TODOS SABÍAMOS QUE CONAN SERIA um filme controverso, e o desafio era descobrir como fazer o marketing do lançamento e apresentá-lo à imprensa. Assisti a Milius dar algumas das primeiras entrevistas, atraindo os jornalistas para sua fantasia viril. Um dos principais tópicos de seu discurso era Friedrich Nietzsche – a epígrafe de Conan, “O que não nos mata nos fortalece”, parafraseia o livro Crepúsculo dos ídolos, do filósofo alemão, publicado em 1889. O outro grande tópico era a propriedade do aço. “Quanto mais você malha o aço, mais duro e mais durável ele fica”, dizia Milius aos jornalistas. “O mesmo acontece com um ser humano. Ele precisa ser temperado, tem que superar a resistência. Quanto mais um homem luta, mais forte ele se torna. Veja as pessoas que vêm de países em guerra ou moram em bairros carentes de cidades grandes. É possível ver a batalha em seus rostos. Um maquiador não consegue reproduzir essa expressão. E é isto que faz de Conan o mais implacável e poderoso dos guerreiros: o que ele sofreu na infância. Luxo e conforto fazem mal às pessoas.” Para Milius, Conan afirmava algo que ia muito além dos filmes de ação e histórias em quadrinhos. Estava tudo relacionado a Nietzsche.

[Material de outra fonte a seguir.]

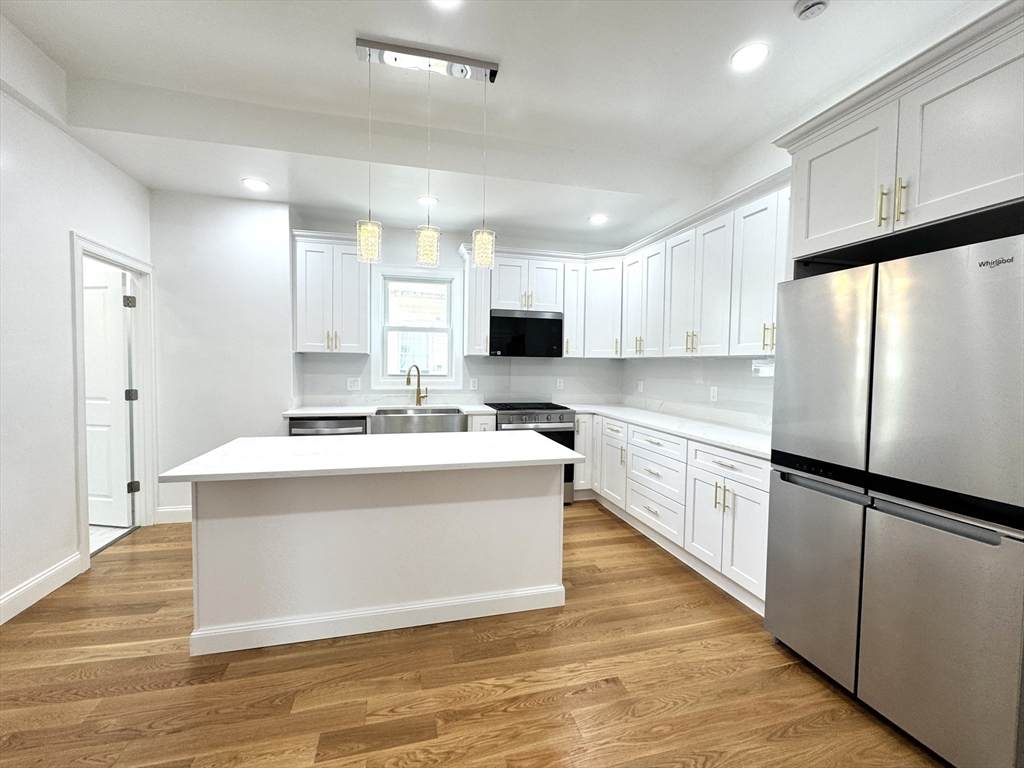 56 Pinckney St - Photo 1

Ele mostrava aos jornalistas uma de suas espadas de samurai e dizia: “Sabiam que uma espada como esta é aquecida e malhada sobre uma bigorna sete vezes até ter a força necessária? Os guerreiros samurais treinavam com criminosos. Eles os pegavam, mandavam que ficassem parados e os decapitavam com um só golpe.” Ele encenava a situação inteira enquanto os jornalistas tomavam notas. E eu pensava: “De onde é que ele tira essas merdas?” Minha abordagem era muito mais direta. Eu vendia o aspecto do entretenimento, o valor do filme como diversão e aventura épica, como um Guerra nas estrelas ambientado na Terra.